To quote the Yahoo News story: Researchers believe the five brothers and sisters, who can walk naturally only on all fours, may provide new information on how humans evolved from four-legged hominids to walk upright.
From the report it sounds like these scientists would sell their most loyal Erlenmeyer flask to study the siblings. But to me, learning about our humble evolutionary beginnings from present day humans is nothing new. If these scientists have a weakness for home made ice cream and a penchant for croquet, they can simply accompany me to one of my family reunions to witness various characteristics, appearances, and behaviors of pre-modern man.

Wednesday, March 08, 2006

I'm sick

I have the flu.
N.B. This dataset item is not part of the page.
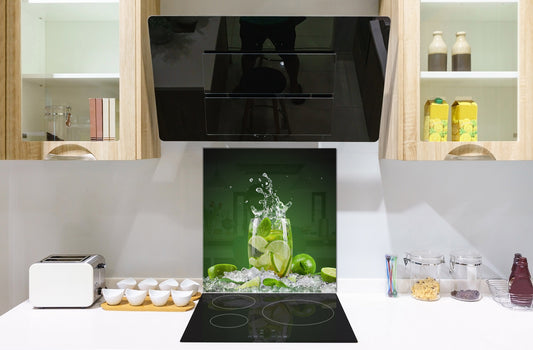 Glass kitchen splashback – Glass upstand BS09 Water splash Series: Lime Mojito 1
As Jimmy Buffett once said, "My head, hearts, my feet stink, and I don't love Jesus." It sucks.

One thing that my travels have taught me is that there is no better place to be sick than at home. It's better than any cheap motel or overcrowded hostel in the world. Here is an excerpt from a column I wrote about being sick on the road:
Hovering or squatting over stained porcelain, you watch your life force pass into foreign plumbing of varying degrees of inefficiency. You wish for a quick painless death to end the suffering, and a cup of your mother’s homemade chicken noodle soup to wet your quivering lips, but neither come. Thoughts of your own porcelain throne, as well as a few good sheets of 2-ply toilet paper, drift just beyond hope, in the realm of the divine. You’re sick and you’re alone in a foreign land.

Monday, March 06, 2006

I am a world record holder!

Remember Mad Libs?

The word game that brought you phrases like "the rhino wore pink panties to Venus," that made you laugh so hard on the bus that you shot snot all over little Susie Schoolgirl seated in front of you?
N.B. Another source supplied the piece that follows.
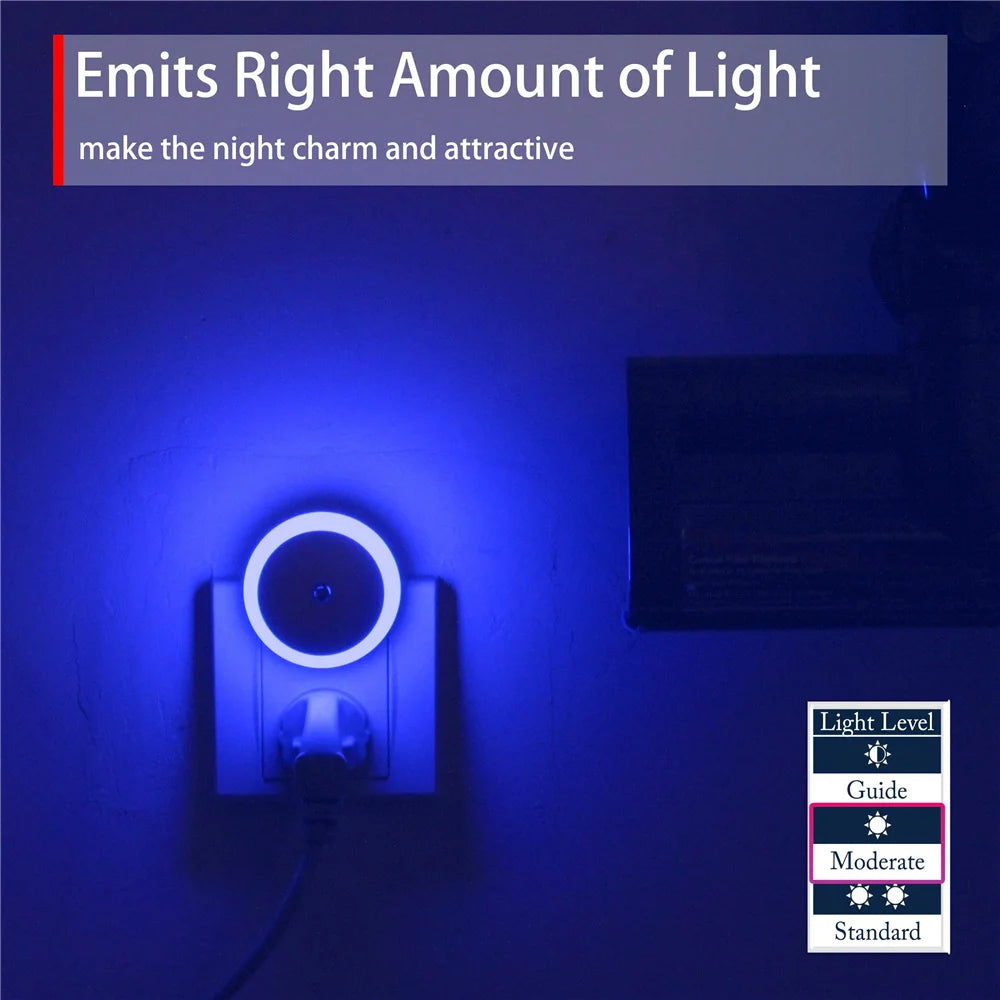 RXSFY Dusk-to-Dawn Plug-In LED Night Light (Auto-Dim)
Recently, I participated in the longest Mad Lib in history - 34 pages long with over 1,100 blanks filled in by attendees of the Erma Bombeck Writer's Workshop in Dayton, Ohio.
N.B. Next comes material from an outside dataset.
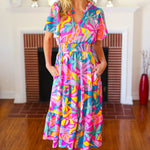 Tropical Trance Fuchsia Floral Smocked Waist Maxi Dress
That's right I hold a world record, an unofficial world record, but honestly who would actually spend the time verifying such a thing.

Friday, March 03, 2006

Sharks are the monsters?

(I took this picture on a dive in the Bahamas)
Peter Benchley the author of Jaws recently passed away. He made his fortune by demonizing the shark and spent the rest of his life preaching conservation of the ocean's top predators. Benchley recognized what amazing creatures sharks are and that if man screws with the top of the food chain we're asking for trouble. Some others such as Vic Hislop, an Australian "Shark Hunter," never have come around.
Here are the facts:
Each year 100 million sharks are killed by humans. We hack off their fins, essential for swimming, and throw their wriggling, bloody torsos back into the water to die slowly, all for a nice bowl of shark fin soup. According to Julia Brown of Halifax University, worldwide shark populations are falling at an alarming rate. In the past 50 years there has been a 61% decrease in the population of large species. The population of white tip sharks, once thought to be the most abundant large animal on earth, has decreased by an alarming 99%.
And some still think that sharks are the monsters.

Wednesday, March 01, 2006

Happy 50th to a True Touron...

My Uncle Randy turned 50 yesterday. This picture was taken about 25 years ago when he had one of the best whafros (white guy afro) around.

He says he looks like Hyde from That 70's Show. I think he is giving himself too much credit.